Report

Trump Takes Aim at Iran, China, and the Global System in Big U.N. Speech

And draws a rare laugh from world leaders while boasting of his accomplishments.

U.S. President Donald Trump addresses the 73rd session of the United Nations General Assembly in New York on Sept. 25. (John Moore/Getty Images)
U.S. President Donald Trump addresses the 73rd session of the United Nations General Assembly in New York on Sept. 25. (John Moore/Getty Images)

President Donald Trump’s address to the United Nations General Assembly on Tuesday featured fresh threats against Iran, tirades against China and OPEC, and a full-throated retreat from the multilateral global order the United States helped to build.

And laughter. Trump’s boast that “my administration has accomplished more than almost any administration in the history of our country” triggered a wave of chuckles from assembled world leaders. “Didn’t expect that reaction, but that’s OK,” he said.

Here are the main takeaways from Trump’s second big U.N. address.

Globalism Is a Bad Word

Trump provides further evidence, if any was needed, that the United States is renouncing U.S. leadership of a global system of institutions that have aimed to enhance international cooperation on a range of fronts, including trade, human rights, and migration.

He had special criticism for the World Trade Organization and what he called its inability to enforce fair trading practices. Trump took aim again at the International Criminal Court, which he falsely said “claims near-universal jurisdiction over the citizens of every country.” And he said the United States will not take part in a new global compact to deal with unprecedented flows of migrants around the world. (“Migration should not be governed by an international body,” he said.)

Tying his disparate targets together was his administration’s rejection of multilateral institutions and a warm embrace of the nationalist populisms that have wracked politics around the world.

“We reject the ideology of globalism and accept the doctrine of patriotism,” Trump said.

Activists and Democratic lawmakers were quick to react.

“It remains deeply unsettling to see an American president stand before the United Nations—a body in which American leadership has changed the course of the world for decades—and espouse a worldview that undermines so much of what we helped build on the global stage,” said Rep. Eliot Engel, the ranking Democrat on the House Foreign Affairs Committee.

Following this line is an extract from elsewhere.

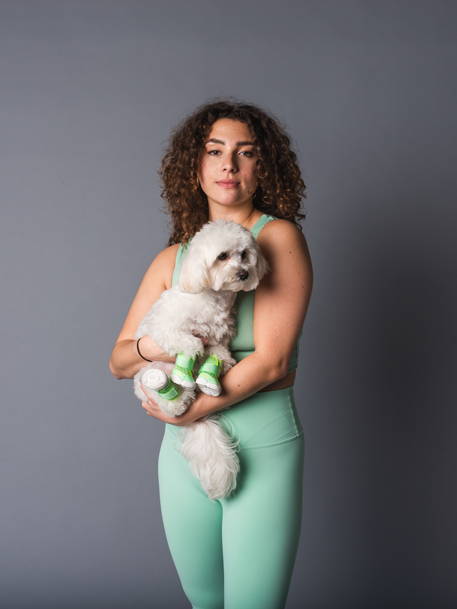 yoga girl holding white dog in studio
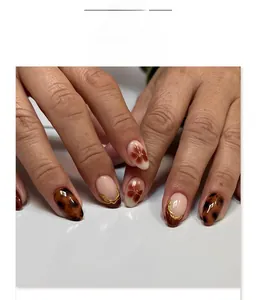Detail of amber tortoiseshell and almond press-on nails with vintage floral patterns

“Trump’s overly-simplistic and distorted view of ‘sovereignty’ will be music to the ears of authoritarian leaders from Moscow to Beijing,” said Rob Berschinski, a senior vice president at the international human rights organization Human Rights First and a former Obama administration official.

Iran Is Still in His Crosshairs

Trump’s address didn’t have the bellicose language and war threats against North Korea that marked last year’s speech, but he vowed increasing economic pressure to force Iran to change its behavior. He said Tehran used revenue from sanctions relief to pursue missile technology and foment terrorist groups in the region, especially in Syria and Yemen.

Trump said that the United States intends to ramp up economic pressure on Iran, and he urged other countries to “isolate Iran’s regime as long as its aggression continues.” The Trump administration’s sanctions on Iran’s economy, and especially its oil sector, are already crushing Tehran’s oil exports and causing economic pain inside the country.

He even hinted that states should encourage revolution in Iran to ensure the country never obtains a nuclear weapon.

“[They cannot] possess the means to deliver a nuclear warhead,” he said. “We ask all nations to support Iran’s people as they struggle to reclaim their religious and righteous destiny.”

OPEC Ain’t No Friend of Mine

Facing rising oil prices just weeks before crucial midterm elections, Trump used his U.N. speech to lambast the Organization of the Petroleum Exporting Countries, which he blamed for withholding production and jacking up crude prices.

“OPEC nations are, as usual, ripping off the rest of the world, and I don’t like it. Nobody should like it,” Trump said. “We defend many of these nations for nothing, and then they take advantage of us by giving us high oil prices. Not good.”

He hinted that he would seek compensation for the billions of dollars per year that the United States spends in defending free flows of oil out of the Middle East. They must contribute substantially to military protection from now on. We are not going to put up with it, these horrible prices, much longer,” he said.

Oil prices are now above $80 a barrel—but OPEC has boosted oil output in recent months. The rise is largely because of the Trump administration’s successful efforts to knock Iran out of the oil market, creating a looming supply shortfall.

Trade: ‘Those Days Are Over’

Trump reserved some of his harshest condemnation for the global trading system and countries like China that he says are gaming the system and hurting U.S. interests—suggesting there’s no quick end in sight to the escalating U.S.-China trade war.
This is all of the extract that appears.